Requirement:
Please give back, exactly as written, the lines from the line with "IDAS8TsubakiLine collisions" to the line with "KAWASAKI GPZ1000RX トルクロッド カワサキ" in the listing below, leaving out all pictures.

Available data:
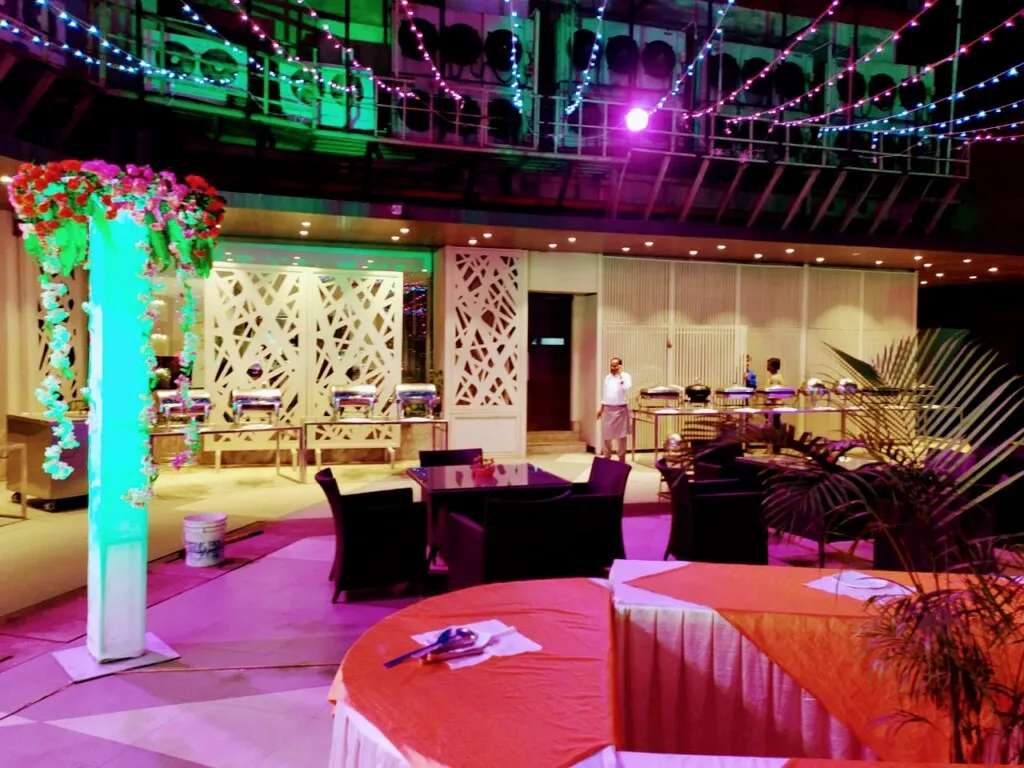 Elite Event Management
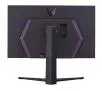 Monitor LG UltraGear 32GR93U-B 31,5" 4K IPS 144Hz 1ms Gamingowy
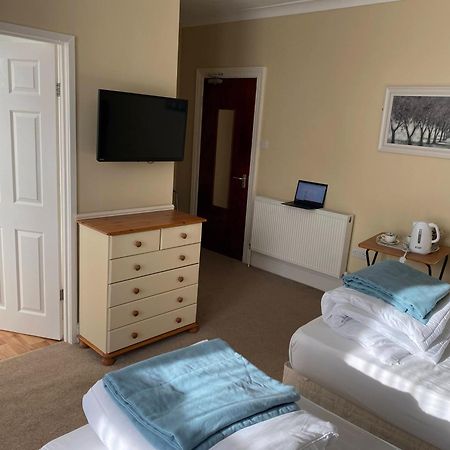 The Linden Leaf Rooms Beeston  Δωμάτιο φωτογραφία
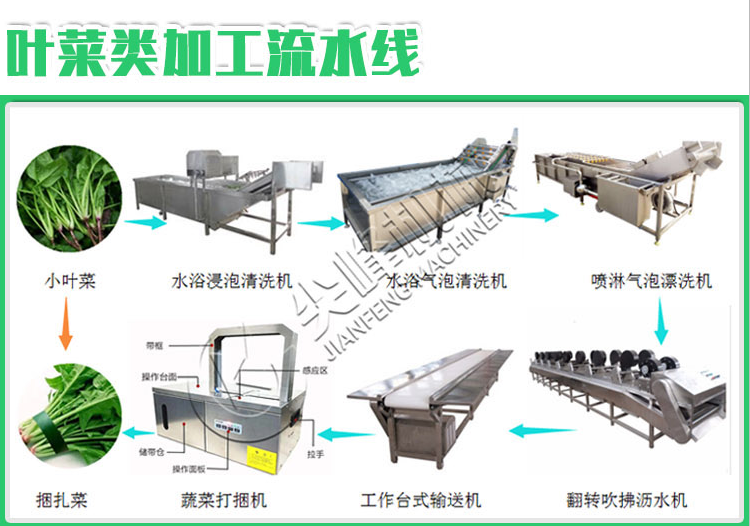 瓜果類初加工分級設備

==

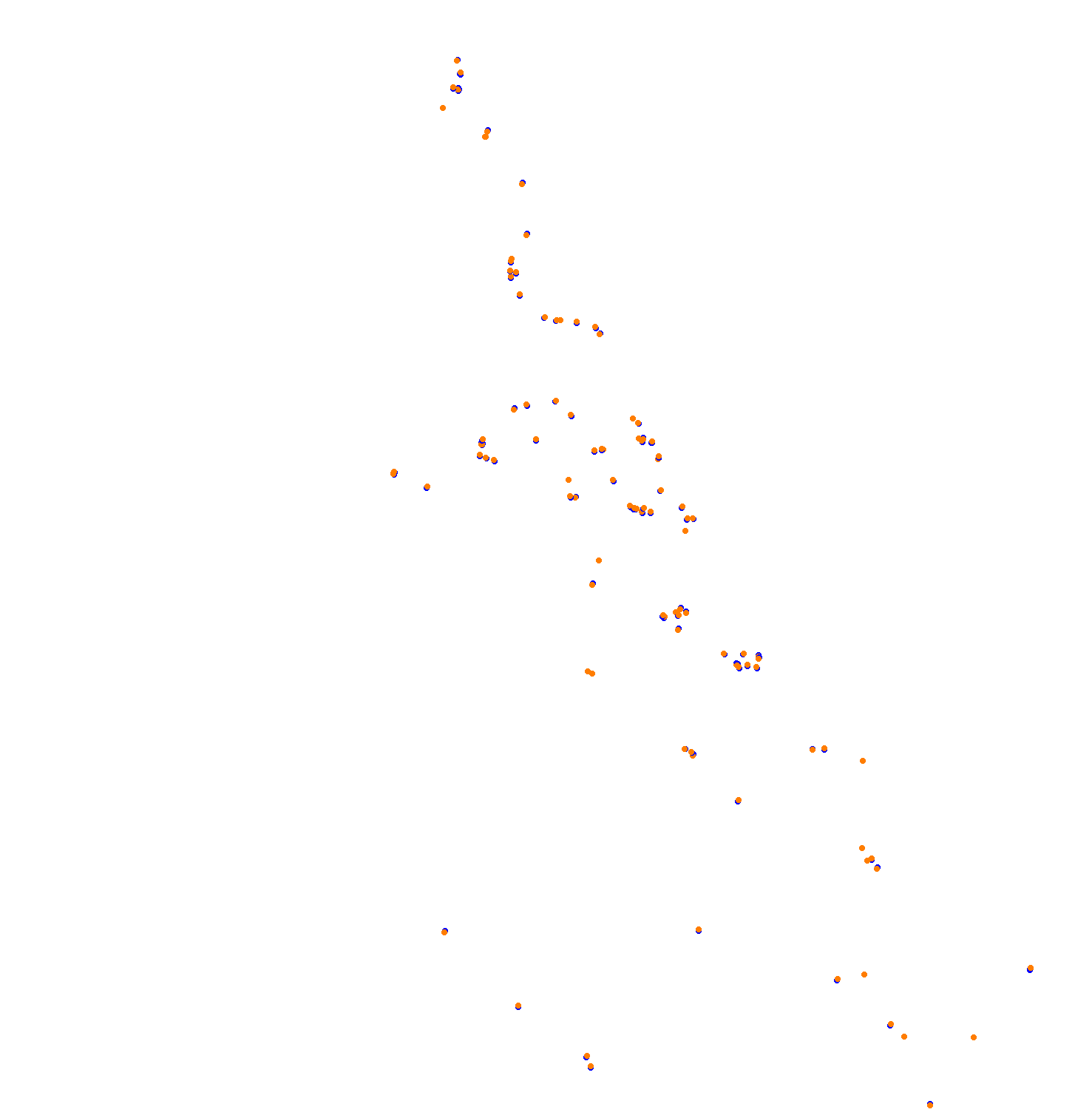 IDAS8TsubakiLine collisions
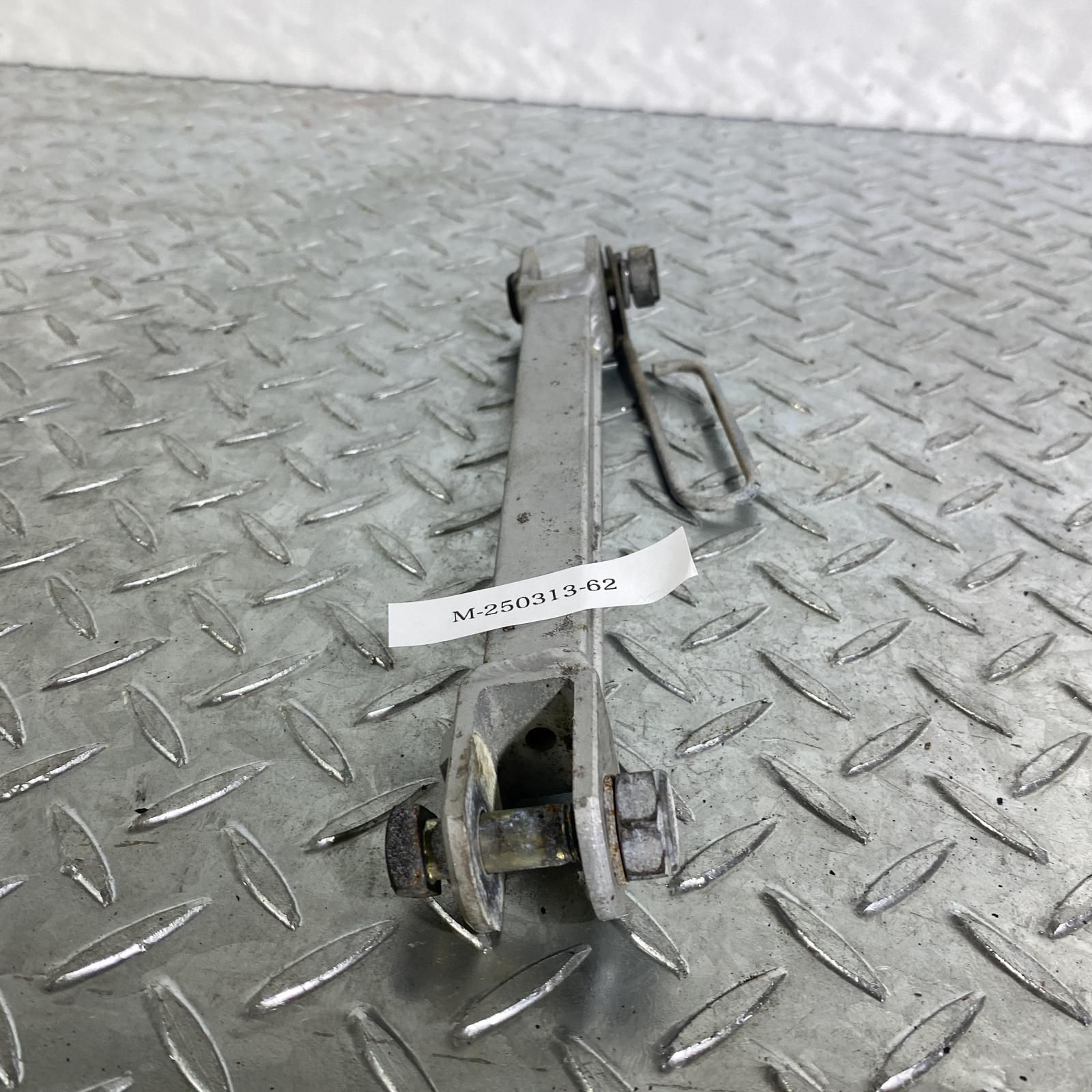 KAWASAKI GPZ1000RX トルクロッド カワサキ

Response for this exercise:
 IDAS8TsubakiLine collisions
 KAWASAKI GPZ1000RX トルクロッド カワサキ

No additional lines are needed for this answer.